A writ petition was filed by Karanjawala & Co on behalf of JBM Ecolife Mobility Private Ltd (JBM Ecolife) in the Delhi High Court challenging the rejection of the latter’s bid for the tender floated by Convergence Energy Services Ltd (CESL) for procurement, operation and maintenance of 5450 Electric buses and 135 double-decker electric buses and allied electric and civil infrastructure in Gross Cost Contract through single-stage two-envelope bidding. The petition was dismissed today after being heard at length by Justice Yashwant Varma.

JBM Ecolife in the petition argued that the rejection of its bid on account of debarment of a sister concern i.e. JBM Electric Vehicles Pvt Ltd was done without following the principles of natural justice and statutory norms and that CESL could not have rejected its bid on account of another company’s debarment.

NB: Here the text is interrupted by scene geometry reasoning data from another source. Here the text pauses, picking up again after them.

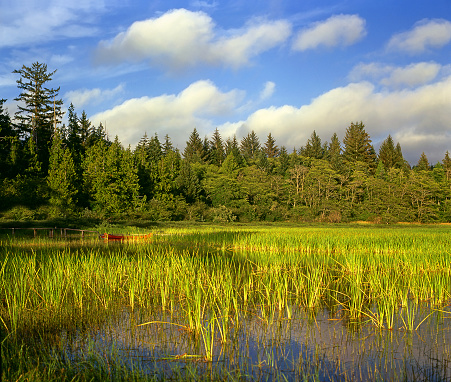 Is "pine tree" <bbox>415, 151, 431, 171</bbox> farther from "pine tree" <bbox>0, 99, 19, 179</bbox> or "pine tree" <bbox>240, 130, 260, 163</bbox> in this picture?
"pine tree" <bbox>0, 99, 19, 179</bbox>

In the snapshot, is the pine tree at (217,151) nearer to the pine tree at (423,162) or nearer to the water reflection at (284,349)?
the pine tree at (423,162)

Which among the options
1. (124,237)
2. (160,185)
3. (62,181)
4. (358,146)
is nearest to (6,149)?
(62,181)

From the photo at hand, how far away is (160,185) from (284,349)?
43878mm

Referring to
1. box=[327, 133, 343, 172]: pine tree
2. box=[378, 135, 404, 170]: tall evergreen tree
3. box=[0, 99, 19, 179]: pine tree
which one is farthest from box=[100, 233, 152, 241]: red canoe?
box=[378, 135, 404, 170]: tall evergreen tree

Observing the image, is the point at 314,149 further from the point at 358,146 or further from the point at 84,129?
the point at 84,129

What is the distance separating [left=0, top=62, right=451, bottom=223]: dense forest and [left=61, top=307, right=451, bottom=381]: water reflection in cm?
2813

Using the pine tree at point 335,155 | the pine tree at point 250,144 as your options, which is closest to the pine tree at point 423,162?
the pine tree at point 335,155

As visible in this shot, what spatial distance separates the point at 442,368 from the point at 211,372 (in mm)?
2655

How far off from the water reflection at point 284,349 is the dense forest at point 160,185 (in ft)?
92.3

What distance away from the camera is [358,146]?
72.1 meters

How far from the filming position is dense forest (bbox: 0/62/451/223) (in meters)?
39.0

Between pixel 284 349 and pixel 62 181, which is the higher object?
pixel 62 181

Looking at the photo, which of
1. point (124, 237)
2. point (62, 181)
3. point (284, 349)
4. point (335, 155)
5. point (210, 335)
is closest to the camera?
point (284, 349)

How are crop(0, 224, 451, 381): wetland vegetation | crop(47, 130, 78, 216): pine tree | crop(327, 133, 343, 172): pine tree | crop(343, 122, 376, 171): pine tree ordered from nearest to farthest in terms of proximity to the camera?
crop(0, 224, 451, 381): wetland vegetation < crop(47, 130, 78, 216): pine tree < crop(327, 133, 343, 172): pine tree < crop(343, 122, 376, 171): pine tree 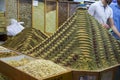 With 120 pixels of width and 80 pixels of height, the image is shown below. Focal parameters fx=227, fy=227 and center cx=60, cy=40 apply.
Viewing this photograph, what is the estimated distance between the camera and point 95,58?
0.89 meters

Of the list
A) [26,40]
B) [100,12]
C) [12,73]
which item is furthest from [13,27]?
[12,73]

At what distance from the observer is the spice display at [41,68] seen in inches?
31.1

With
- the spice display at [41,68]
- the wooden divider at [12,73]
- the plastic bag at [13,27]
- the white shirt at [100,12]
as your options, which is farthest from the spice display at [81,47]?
the plastic bag at [13,27]

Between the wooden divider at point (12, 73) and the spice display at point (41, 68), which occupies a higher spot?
the spice display at point (41, 68)

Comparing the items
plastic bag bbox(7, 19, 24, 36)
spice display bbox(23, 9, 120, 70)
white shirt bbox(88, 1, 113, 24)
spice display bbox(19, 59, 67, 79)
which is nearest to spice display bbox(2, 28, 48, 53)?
spice display bbox(23, 9, 120, 70)

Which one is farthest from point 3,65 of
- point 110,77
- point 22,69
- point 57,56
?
point 110,77

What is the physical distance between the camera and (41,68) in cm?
84

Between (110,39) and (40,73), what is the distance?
0.39m

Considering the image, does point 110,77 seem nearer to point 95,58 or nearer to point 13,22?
point 95,58

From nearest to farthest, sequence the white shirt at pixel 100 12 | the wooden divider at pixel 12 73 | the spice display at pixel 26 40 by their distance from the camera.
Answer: the wooden divider at pixel 12 73, the spice display at pixel 26 40, the white shirt at pixel 100 12

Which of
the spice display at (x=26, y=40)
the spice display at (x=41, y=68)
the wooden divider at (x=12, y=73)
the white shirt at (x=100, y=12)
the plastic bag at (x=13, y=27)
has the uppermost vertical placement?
the white shirt at (x=100, y=12)

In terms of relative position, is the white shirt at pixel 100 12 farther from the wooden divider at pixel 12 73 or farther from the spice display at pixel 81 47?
the wooden divider at pixel 12 73

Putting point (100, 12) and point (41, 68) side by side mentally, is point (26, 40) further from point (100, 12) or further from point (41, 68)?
point (100, 12)

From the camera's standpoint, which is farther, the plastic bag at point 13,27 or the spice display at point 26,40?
the plastic bag at point 13,27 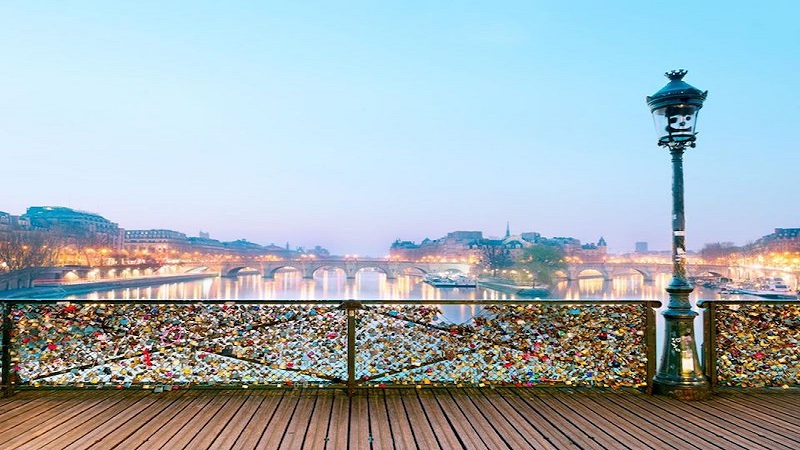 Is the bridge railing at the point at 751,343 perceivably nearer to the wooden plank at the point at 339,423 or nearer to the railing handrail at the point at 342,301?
the railing handrail at the point at 342,301

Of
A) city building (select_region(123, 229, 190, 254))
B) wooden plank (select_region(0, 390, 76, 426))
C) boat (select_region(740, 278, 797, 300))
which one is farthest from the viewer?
city building (select_region(123, 229, 190, 254))

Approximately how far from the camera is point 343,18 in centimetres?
6456

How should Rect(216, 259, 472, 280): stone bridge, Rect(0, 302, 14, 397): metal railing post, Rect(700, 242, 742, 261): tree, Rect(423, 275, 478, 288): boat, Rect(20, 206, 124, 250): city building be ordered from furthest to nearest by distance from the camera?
1. Rect(700, 242, 742, 261): tree
2. Rect(20, 206, 124, 250): city building
3. Rect(216, 259, 472, 280): stone bridge
4. Rect(423, 275, 478, 288): boat
5. Rect(0, 302, 14, 397): metal railing post

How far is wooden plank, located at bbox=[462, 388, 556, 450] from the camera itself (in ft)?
13.0

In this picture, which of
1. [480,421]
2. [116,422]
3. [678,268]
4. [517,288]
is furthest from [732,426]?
[517,288]

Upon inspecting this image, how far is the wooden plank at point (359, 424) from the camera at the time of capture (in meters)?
3.94

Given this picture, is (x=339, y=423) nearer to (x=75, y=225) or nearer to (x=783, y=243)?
(x=75, y=225)

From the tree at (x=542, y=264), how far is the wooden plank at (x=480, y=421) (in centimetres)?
6828

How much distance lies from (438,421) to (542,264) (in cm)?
7562

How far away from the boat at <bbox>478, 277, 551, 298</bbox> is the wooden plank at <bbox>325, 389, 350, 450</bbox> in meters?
56.4

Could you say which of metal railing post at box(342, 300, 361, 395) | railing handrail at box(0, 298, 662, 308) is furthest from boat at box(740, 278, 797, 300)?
metal railing post at box(342, 300, 361, 395)

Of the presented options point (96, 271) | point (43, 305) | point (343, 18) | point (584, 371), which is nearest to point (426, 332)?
point (584, 371)

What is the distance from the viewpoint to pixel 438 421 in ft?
14.6

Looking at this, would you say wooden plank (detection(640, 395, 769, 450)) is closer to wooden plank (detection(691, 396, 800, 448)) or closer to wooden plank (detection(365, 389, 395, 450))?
wooden plank (detection(691, 396, 800, 448)) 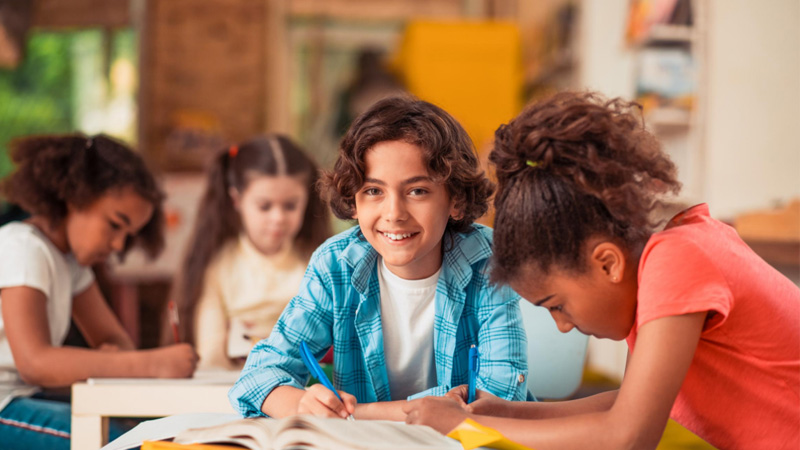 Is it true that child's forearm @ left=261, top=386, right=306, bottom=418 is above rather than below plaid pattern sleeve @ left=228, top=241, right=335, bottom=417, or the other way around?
below

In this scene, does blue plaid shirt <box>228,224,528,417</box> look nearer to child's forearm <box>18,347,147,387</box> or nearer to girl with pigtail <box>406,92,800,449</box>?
girl with pigtail <box>406,92,800,449</box>

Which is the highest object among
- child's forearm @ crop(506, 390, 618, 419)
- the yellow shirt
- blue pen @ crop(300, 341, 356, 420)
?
blue pen @ crop(300, 341, 356, 420)

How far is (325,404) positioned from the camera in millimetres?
981

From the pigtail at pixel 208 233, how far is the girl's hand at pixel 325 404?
3.68 ft

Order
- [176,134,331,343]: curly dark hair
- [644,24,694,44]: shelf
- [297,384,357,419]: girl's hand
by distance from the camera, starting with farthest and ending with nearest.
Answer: [644,24,694,44]: shelf → [176,134,331,343]: curly dark hair → [297,384,357,419]: girl's hand

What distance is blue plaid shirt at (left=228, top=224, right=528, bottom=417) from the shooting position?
45.1 inches

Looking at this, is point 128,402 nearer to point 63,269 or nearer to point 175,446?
point 175,446

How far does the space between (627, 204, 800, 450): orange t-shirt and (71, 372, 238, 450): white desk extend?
68 cm

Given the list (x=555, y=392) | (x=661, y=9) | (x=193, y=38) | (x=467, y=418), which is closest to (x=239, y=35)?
(x=193, y=38)

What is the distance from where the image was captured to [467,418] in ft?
2.81

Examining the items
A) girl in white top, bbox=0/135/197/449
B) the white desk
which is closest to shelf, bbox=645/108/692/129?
Answer: girl in white top, bbox=0/135/197/449

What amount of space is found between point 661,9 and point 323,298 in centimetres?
231

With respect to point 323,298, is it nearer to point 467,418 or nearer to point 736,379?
point 467,418

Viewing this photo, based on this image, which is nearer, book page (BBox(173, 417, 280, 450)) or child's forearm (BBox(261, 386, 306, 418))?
book page (BBox(173, 417, 280, 450)) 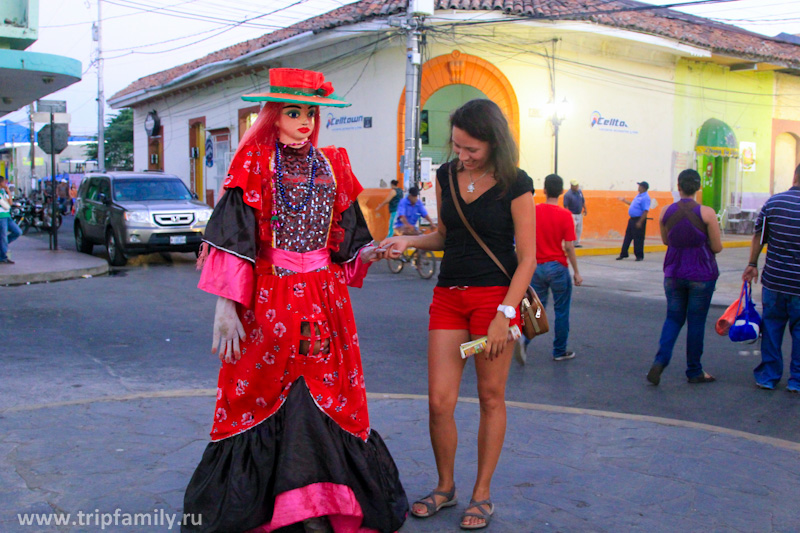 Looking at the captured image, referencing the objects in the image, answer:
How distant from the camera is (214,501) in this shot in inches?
120

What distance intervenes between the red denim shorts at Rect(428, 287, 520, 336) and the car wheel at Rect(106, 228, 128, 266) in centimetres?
1216

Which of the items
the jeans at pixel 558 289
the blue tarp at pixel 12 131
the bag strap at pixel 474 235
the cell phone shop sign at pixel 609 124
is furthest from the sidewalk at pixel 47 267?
the blue tarp at pixel 12 131

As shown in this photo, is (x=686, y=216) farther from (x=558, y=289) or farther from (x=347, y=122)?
(x=347, y=122)

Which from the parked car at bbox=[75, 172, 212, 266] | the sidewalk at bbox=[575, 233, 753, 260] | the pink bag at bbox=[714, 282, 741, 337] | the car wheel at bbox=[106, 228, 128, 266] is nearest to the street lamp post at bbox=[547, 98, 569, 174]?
the sidewalk at bbox=[575, 233, 753, 260]

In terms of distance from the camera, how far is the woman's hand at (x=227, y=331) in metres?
3.04

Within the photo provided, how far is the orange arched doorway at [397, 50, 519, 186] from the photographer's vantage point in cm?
1888

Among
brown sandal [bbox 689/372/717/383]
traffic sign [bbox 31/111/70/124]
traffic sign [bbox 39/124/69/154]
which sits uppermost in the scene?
traffic sign [bbox 31/111/70/124]

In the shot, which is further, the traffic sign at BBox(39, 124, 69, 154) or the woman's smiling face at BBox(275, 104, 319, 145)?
the traffic sign at BBox(39, 124, 69, 154)

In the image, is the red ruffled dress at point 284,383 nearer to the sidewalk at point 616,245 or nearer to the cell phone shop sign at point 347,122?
the sidewalk at point 616,245

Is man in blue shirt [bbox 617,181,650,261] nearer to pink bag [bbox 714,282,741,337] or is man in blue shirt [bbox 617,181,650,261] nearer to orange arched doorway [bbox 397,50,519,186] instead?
orange arched doorway [bbox 397,50,519,186]

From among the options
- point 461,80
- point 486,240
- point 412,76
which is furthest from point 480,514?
point 461,80

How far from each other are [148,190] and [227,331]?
524 inches

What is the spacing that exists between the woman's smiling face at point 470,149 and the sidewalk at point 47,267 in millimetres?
10471

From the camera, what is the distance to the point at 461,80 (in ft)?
63.5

The petitioner sought the setting aside of the decision of rejection of its bid and an order allowing it to participate in the tender process. Tata Motors Ltd was the preferred bidder (L-1) in the tender and it was the case of JBM Ecolife that its bid was superior to that of Tata Motors Ltd in several categories on account of the lower price quoted by it.

Senior advocates Dushyant Dave and Rajiv Nayyar appeared on behalf of the petitioner, JBM Ecolife. Meanwhile, the Union of India and CESL have been made the respondents in the case. Additional Solicitor General Chetan Sharma and advocates Apoorv Kurup and Manish Mohan are representing the state in the case. Meanwhile, senior advocate Parag Tripathi represented the second respondent, CESL.

The reliefs sought in the writ petition were opposed by the impleader, Tata Motors Ltd, on the ground that the petitioner, JBM Ecolife has failed to make Tata Motors Ltd a party in the writ petition despite it being a necessary party; that scope of judicial scrutiny in tender matters is limited; that there is no obligation to award the contract to the lowest bidder when tender conditions have not been complied with; and that any judicial interference in the tender process would cause a delay in the process, lead to loss to the public exchequer and be against the public interest.